Willamette Partnership is a conservation nonprofit with a deep commitment to helping build stronger, healthier, and more equitable communities that are sustained through nature. 

Portland State University Institute for Tribal Government (https://www.pdx.edu/tribal-government/):
The PSU Institute for Tribal Government serves elected tribal governments from across the nation and also provides training to local, state and federal government agencies and others who are interested in learning about tribal government. 

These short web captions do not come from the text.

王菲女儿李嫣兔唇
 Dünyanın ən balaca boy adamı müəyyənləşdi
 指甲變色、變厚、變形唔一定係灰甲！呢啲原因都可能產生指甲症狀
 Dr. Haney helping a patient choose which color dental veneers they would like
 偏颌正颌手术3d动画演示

Rural Community Assistance Corporation (https://www.rcac.org/):

RCAC seeks to collaboratively build the capacity of organizations that serve low-income people living in the rural West. RCAC works in partnership with small rural and Indigenous communities and other local agencies to provide tools and resources necessary to improve their quality of life. RCAC offers a wide range of services to communities with fewer than 50,000 people including technical assistance and training for environmental infrastructure; affordable housing development; economic and leadership development; and financing to support community development. Since its inception, RCAC’s dedicated staff and active board have helped affect positive change in rural and Indigenous communities across the West.

Learn more about the EPA EJ TCTAC efforts!

Lynny Brown (she/her) works to improve health by connecting people to the outdoors. Taking a strength-based and relationship-based approach to partnerships, Lynny works on projects that lie at the intersection of health and the environment. Over the past year, Lynny has worked with the Oregon Health & Outdoors Initiative on the Outdoor Preschool project.